Red flags: There is more than meets the eye in West Africa coups d'tat

Residents of Niger’s capital, Niamey, gather to protest the coup that ousted President Mohammed Bazoum. [Niger Presidential Office Facebook]

France is having problems with its former colonies in Africa. The troubles are historic but have taken an unexpected twist in the recent past. The former colonies, francophone countries, mostly in West Africa are up in arms over what they call interference by Paris on domestic matters.

France in turn has pushed back, saying its intentions are good and acceded to some demands. According to the French, the countries no longer deposit with the Banque de Paris, the French central bank. They took control of their currency, which for the eight states has been the French Franc or CFA Franc. All these have been done through diplomacy.

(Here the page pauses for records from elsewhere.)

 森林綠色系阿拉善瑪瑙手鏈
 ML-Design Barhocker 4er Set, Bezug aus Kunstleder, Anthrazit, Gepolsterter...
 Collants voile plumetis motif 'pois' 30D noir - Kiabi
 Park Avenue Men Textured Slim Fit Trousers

However, the recent coups in the countries are raising a red flag. When the Burkina Faso government was overthrown on January 22, 2022 there was a curious spectacle. Residents, in support of the change of regime, poured onto the streets as soon as the announcement was made and instead of waving the Burkinabe flag, the streets were awash with fairly new Russian flags.

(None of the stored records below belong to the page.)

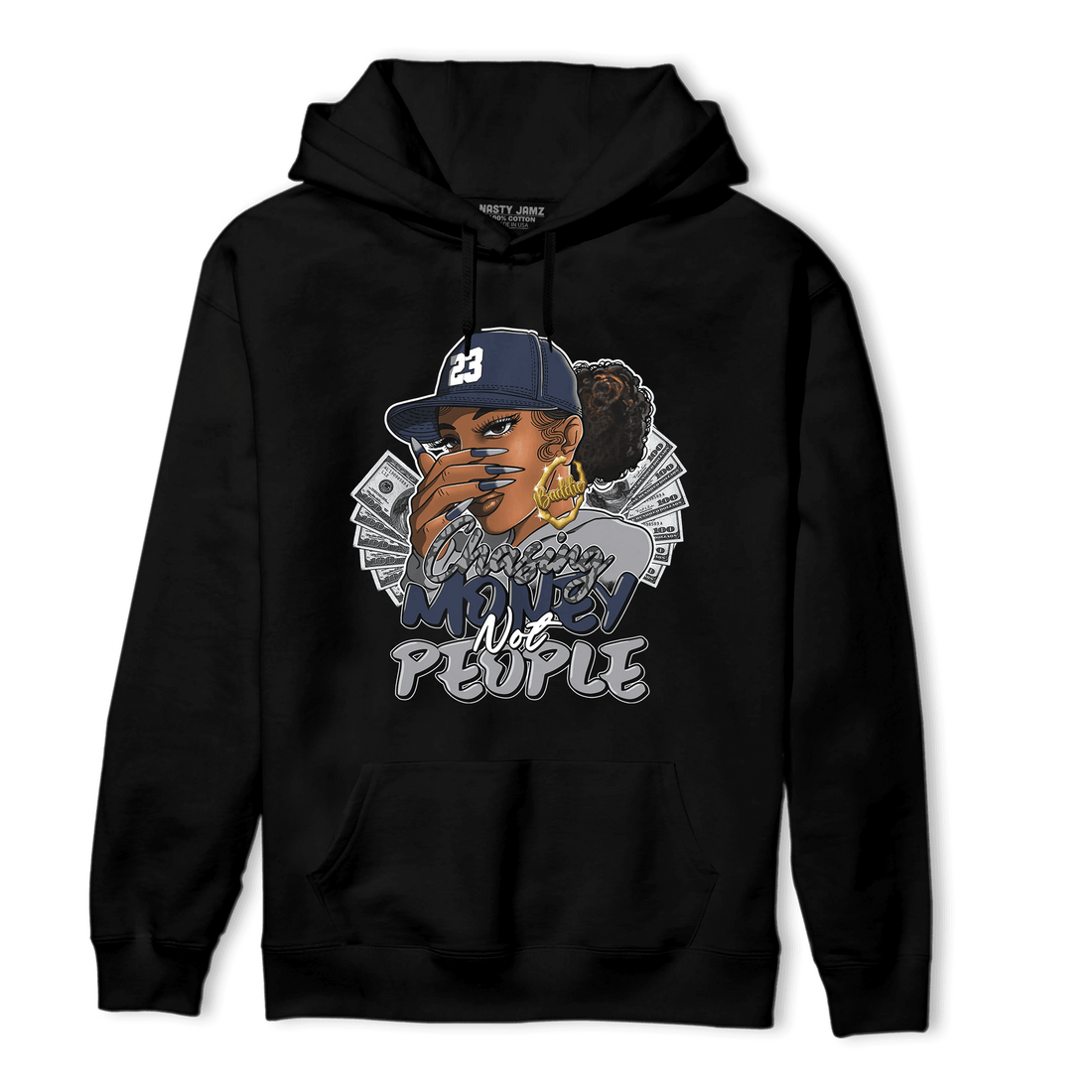 White Navy 3s Hoodie Match Melanin Chasing Money - NastyJamz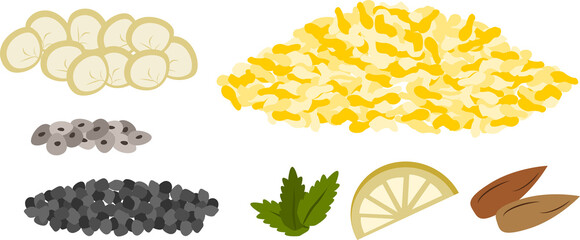 Cuisine ingredients including cheese, pepper, mint, lemon, almond, and leaves.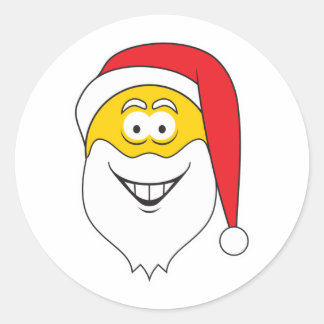Santa Clause Face Classic Round Sticker
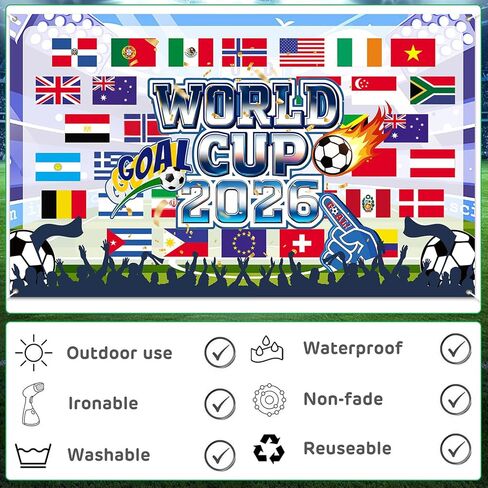 World Cup Football 2026 Tournament World Cup Backdrop 43x71 Inch World Cup Party Decorations Soccer Stadium Atmosphere Background for Party Decor and Football Fan Photography in Kuwait
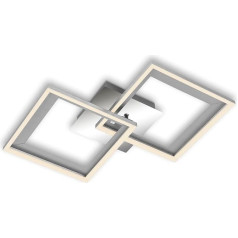 BRILONER Leuchten 3726-019 LED lubų šviestuvas, laipsniškai pritemdomas, pasukamas lubų šviestuvas, LED rėmelis, išpjova, aliuminio chromas, 440 x 440 x 75 mm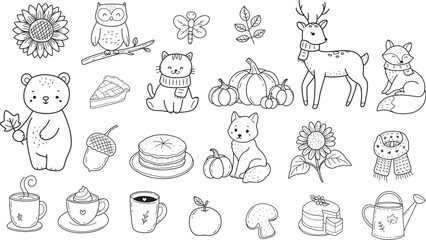 Autumn line art fall with gnome wildanimal pumpkin doodle outline elements, hand drawn leaf flower isolated.vector illustration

Incidentally, on July 26, 2023, when General Abdourahamane Tchiani announced he had taken the reins in Niamey, the locals quickly started waving the same Russian flags. They say they want the French out and Russians in. Interestingly mercenary group Wagner Group has dispatched fighters to Mali and Niger to defend the coup leaders. 

In the Central Africa Republic, the group dispatched mercenaries ahead of a referendum where the country was supposed to do away with the presidential term limit that would see Faustin-Archange Touadéra extend his term. Why he needed mercenaries in anticipation of protests is anyone’s guess.

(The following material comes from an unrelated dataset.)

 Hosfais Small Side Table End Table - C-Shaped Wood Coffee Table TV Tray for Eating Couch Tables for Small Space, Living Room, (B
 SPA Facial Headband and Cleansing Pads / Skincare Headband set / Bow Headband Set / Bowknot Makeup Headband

Wagner boss Yevgeny Prigozhin was spotted at the recent Russia-Africa summit in Russia where he was supposed to market his group to the African leaders. Wagner is exploring business opportunities in Africa - and their business is to fight. Mali's military leader Assimi Goïta thinks shunning the UN and French forces and embracing the mercenaries who have been accused of massacres in the country is the way to go.

Ecowas is expected to send troops to Niger on Sunday to put an end to the government siege. On hand are mercenaries supposed to repulse the regional forces and protect the new leadership. Nigeria President Bola Tinubu, who chairs Ecowas, announced a raft of sanctions against the junta in Niger putting his foot down that the president must be reinstated. 

We wait to see how that will go. These developments are precarious. The events are worrying. Whereas there is no evidence to point at outside interference, it is not a coincidence that all these things have a pattern. We are not in the Cold War, Africans should be waving their flags, not Russian or Franch ones in this time and age.

Africa must stand for Africa and Africa’s problems need African solutions. Promotion of good governance, respect of territorial integrity, rule of law and human rights will earn us a seat there. Upstanding African leaders should emphasise the importance of respecting our constitutions.